=== Section Start ===

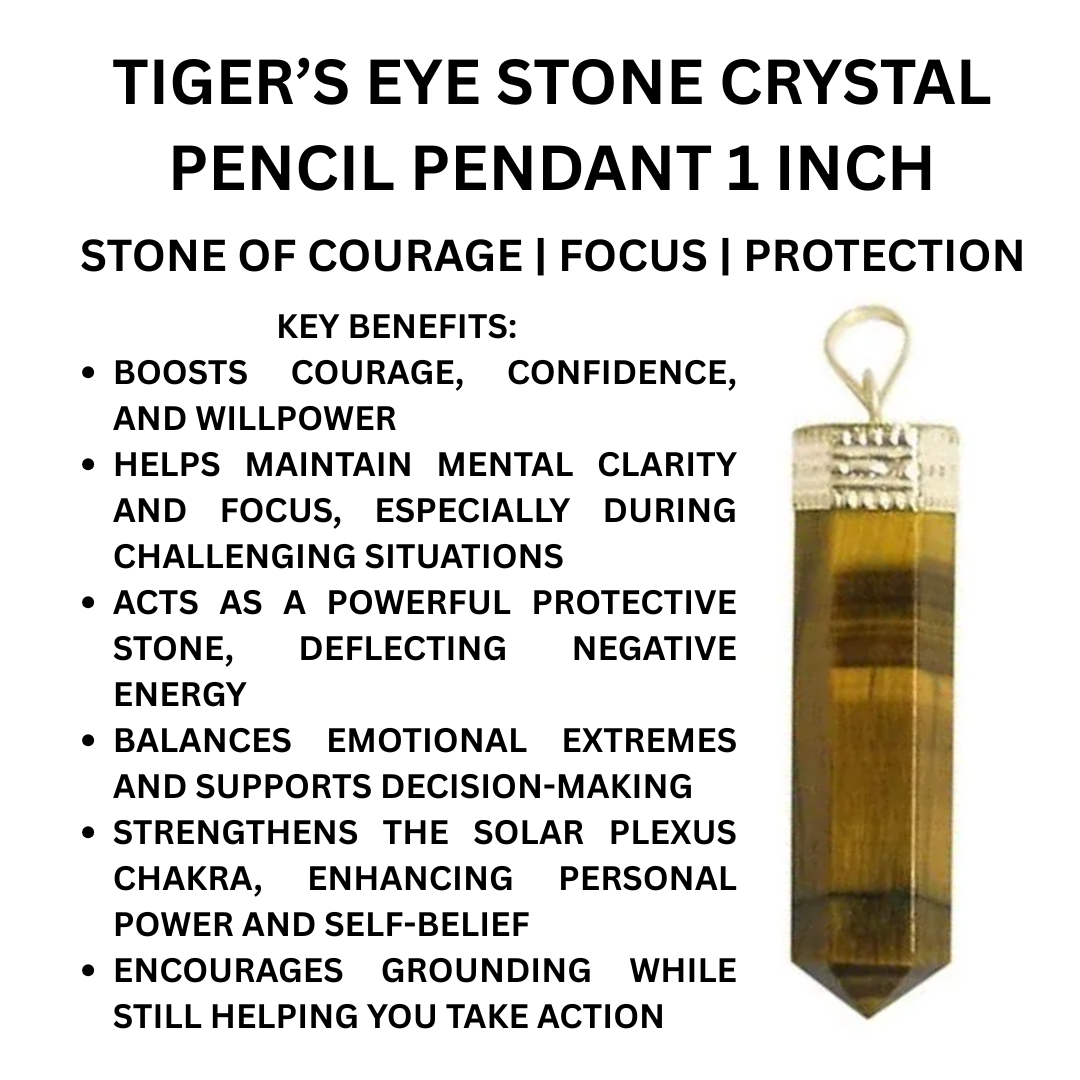 Tiger's Eye Stone Crystal Pencil Pendant 1 inch Single Point by Dhruvika Naturals Unisex for Healing and chakra balancing - Image 4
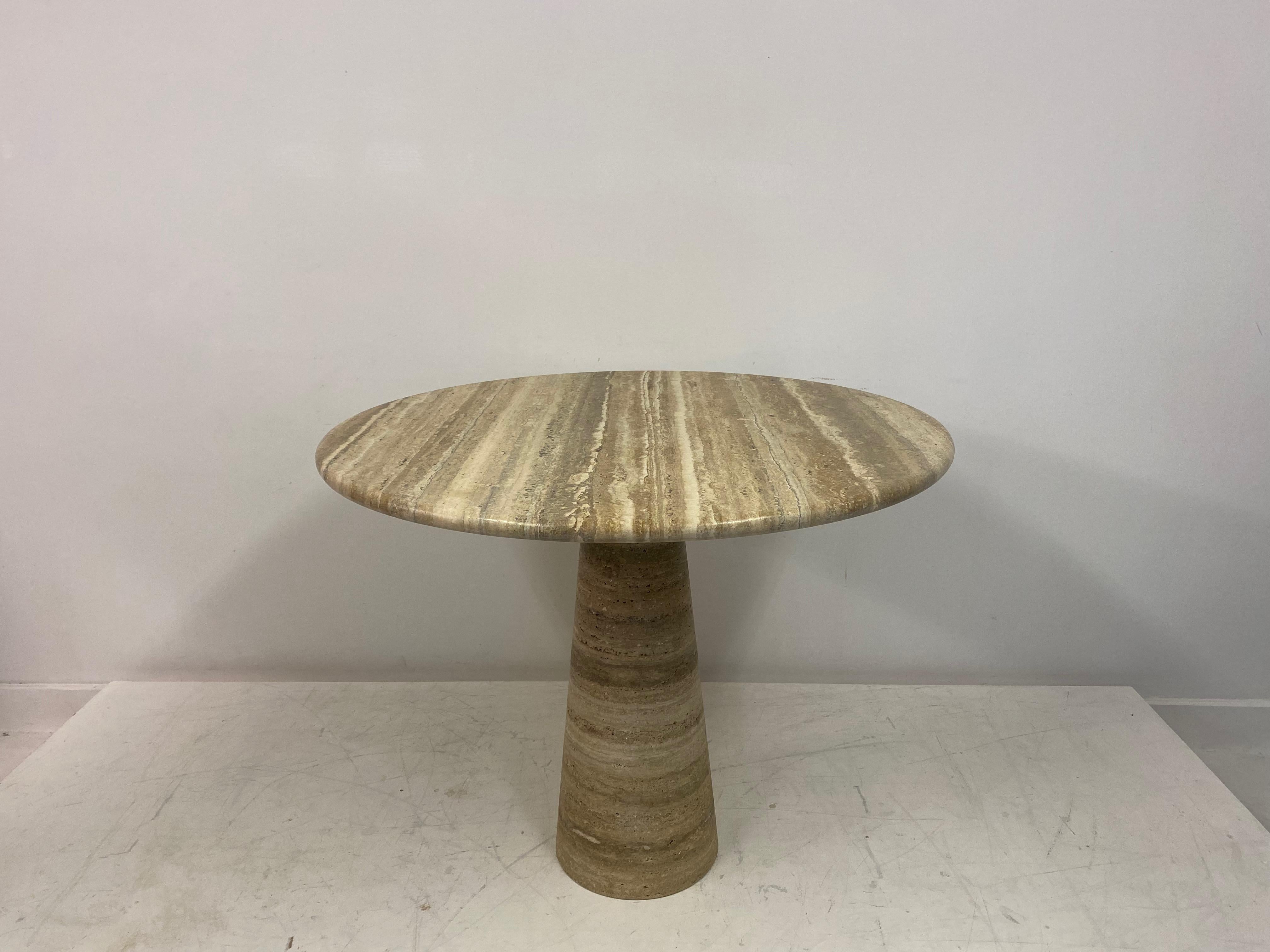 Round Brown Travertine Centre or Dining Table 5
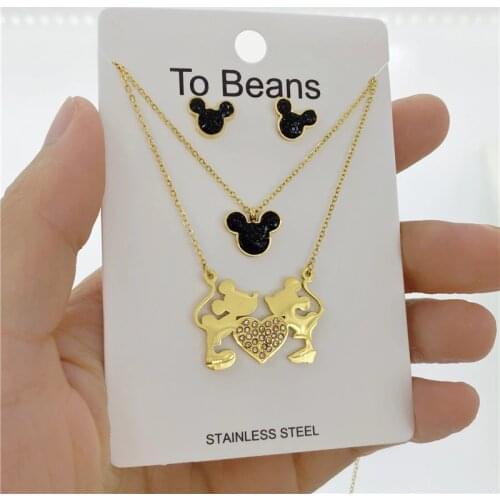 Cartoon Kawaii Mouse Pendant Necklace Titanium Steel Chain Necklace Inlaid Crystal Fashion Trendy Women Jewelry Birthday Gift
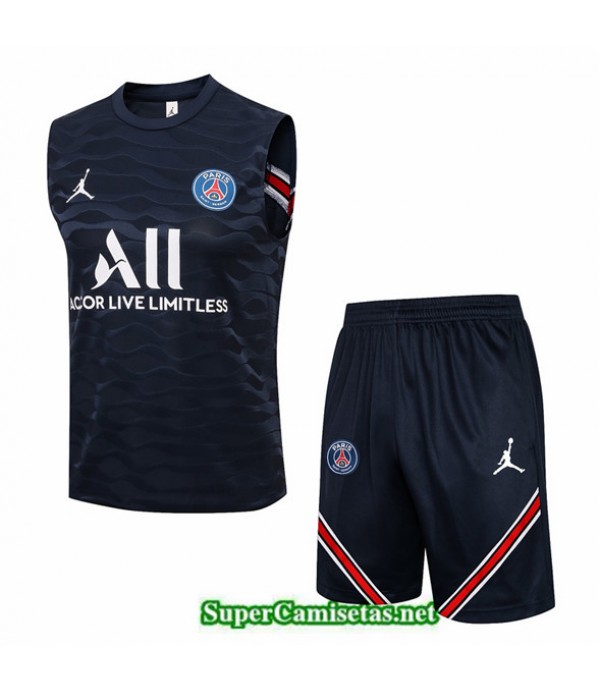 Tailandia Camiseta Kit De Entrenamiento Psg Jordan Debardeur Azul Marino 2022/23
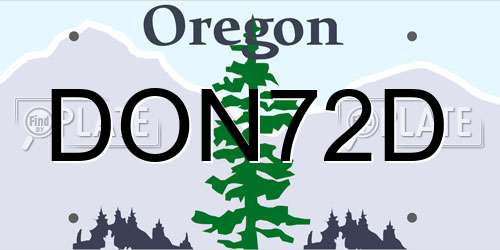 DON72D Oregon License Plate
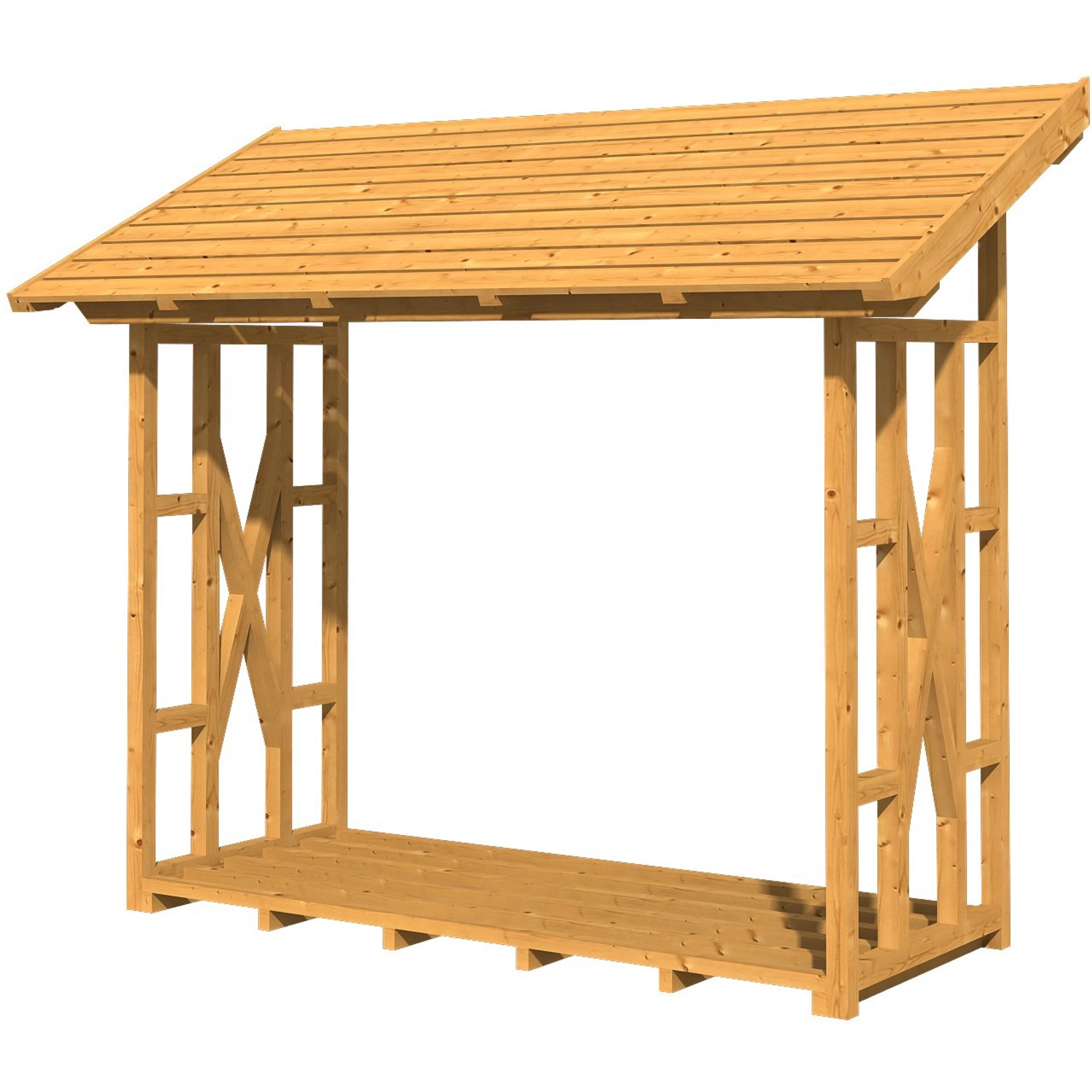 Skan Holz Holzunterstand Paul 2 290 x 126 cm  Natur günstig online kaufen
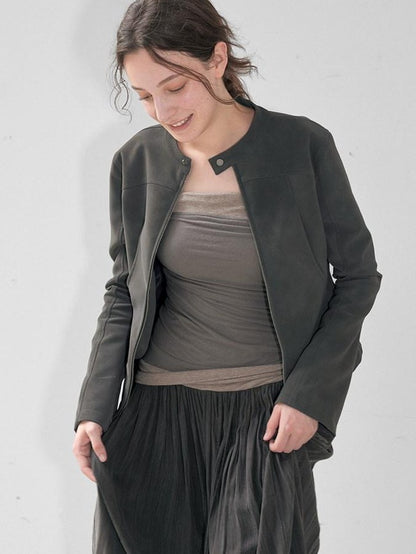 Mito de dar Matte Mist Gray Stand Collar Dual Zipper Slim Cropped Women&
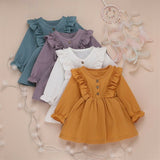 1-6Y Baby Girl Spring Dress With Ruffled Children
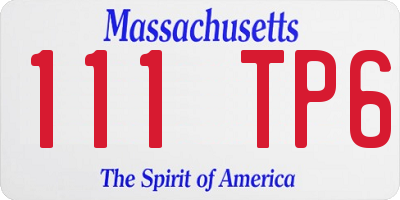 MA license plate 111TP6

=== Section End ===

THE TASK: Each line from the one with "Tailandia Camiseta Kit" through the end of the entries should be reproduced exactly. Leave out the pictures.

RESPONSE:
 Tailandia Camiseta Kit De Entrenamiento Psg Jordan Debardeur Azul Marino 2022/23
 DON72D Oregon License Plate
 Skan Holz Holzunterstand Paul 2 290 x 126 cm  Natur günstig online kaufen
 Mito de dar Matte Mist Gray Stand Collar Dual Zipper Slim Cropped Women&
 1-6Y Baby Girl Spring Dress With Ruffled Children
 MA license plate 111TP6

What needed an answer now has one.